The burden here was not on plaintiff to prove an absence of notice by it of the bankruptcy proceeding. We cannot say that on the issue so made by the plea and replication the defendant executor was due the affirmative charge.
Appellant also filed a replication that the bankrupt promised to pay the debt after he had been adjudged a bankrupt and after he was discharged. This is of course a good answer to the plea. Harvey v. Bodman, 212 Ala. 503, 103 So. 569; Nix Son v. Choate, 216 Ala. 189, 113 So. 16.
The evidence was probably sufficient to carry that issue to the jury also. 8 Corpus Juris Secundum, Bankruptcy, § 587, p. 1591; Dantzler v. Scheuer, 203 Ala. 89, 82 So. 103. Its effect is not necessary to a decision now to be made.
The defendant Carrye B. Jaffe, individually, also pleaded that she signed the note as security for her husband's debt. She was not due an affirmative instruction on that issue, but discussion of it by us would not be appropriate in the light of the new trial to be had. Moreover, plaintiff also replied that it was a holder in due course of the note without notice of such defense. This issue was also one for the jury.

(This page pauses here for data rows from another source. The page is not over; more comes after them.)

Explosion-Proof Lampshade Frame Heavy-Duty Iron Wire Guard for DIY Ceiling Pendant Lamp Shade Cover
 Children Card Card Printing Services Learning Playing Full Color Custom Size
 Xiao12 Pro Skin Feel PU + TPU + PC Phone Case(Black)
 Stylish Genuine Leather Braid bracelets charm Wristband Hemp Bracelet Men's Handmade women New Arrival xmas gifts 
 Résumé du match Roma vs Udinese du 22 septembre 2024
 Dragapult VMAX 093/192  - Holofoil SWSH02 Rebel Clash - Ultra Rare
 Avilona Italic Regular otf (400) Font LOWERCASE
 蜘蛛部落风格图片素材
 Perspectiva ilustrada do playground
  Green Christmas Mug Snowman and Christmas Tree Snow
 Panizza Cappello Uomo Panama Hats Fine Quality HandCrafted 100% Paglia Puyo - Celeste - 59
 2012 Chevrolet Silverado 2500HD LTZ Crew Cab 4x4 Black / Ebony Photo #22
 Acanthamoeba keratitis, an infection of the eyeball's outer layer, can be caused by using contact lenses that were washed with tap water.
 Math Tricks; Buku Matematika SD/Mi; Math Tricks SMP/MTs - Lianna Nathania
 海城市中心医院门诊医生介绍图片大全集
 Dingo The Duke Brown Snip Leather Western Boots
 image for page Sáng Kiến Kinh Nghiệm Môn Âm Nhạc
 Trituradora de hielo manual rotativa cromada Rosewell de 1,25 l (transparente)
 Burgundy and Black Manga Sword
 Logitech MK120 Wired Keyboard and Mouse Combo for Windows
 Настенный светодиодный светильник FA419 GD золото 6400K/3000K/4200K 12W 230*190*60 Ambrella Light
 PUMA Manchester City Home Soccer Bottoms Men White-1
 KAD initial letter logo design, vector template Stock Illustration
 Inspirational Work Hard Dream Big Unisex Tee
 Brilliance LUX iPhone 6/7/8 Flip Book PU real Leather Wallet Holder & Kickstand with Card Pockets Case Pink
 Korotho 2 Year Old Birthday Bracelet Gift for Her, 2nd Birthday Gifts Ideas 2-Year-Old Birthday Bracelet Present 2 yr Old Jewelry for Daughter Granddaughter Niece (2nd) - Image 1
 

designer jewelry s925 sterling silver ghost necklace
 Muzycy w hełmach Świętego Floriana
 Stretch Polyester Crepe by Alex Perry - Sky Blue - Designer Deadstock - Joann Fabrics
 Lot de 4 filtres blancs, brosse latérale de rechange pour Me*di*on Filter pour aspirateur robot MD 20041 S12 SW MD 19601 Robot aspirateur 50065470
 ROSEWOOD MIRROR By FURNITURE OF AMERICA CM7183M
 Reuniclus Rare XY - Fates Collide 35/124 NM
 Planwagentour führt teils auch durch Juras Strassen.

There was evidence of the facts alleged in pleas 4 and 6, and the verdict of the jury could have been based on those pleas. Defendants were not due the affirmative charge on other pleas, so that there was *Page 573 prejudicial error in overruling demurrer to pleas 4 and 6, for which the judgment must be reversed.
Reversed and remanded.
THOMAS, BROWN, and LIVINGSTON, JJ., concur.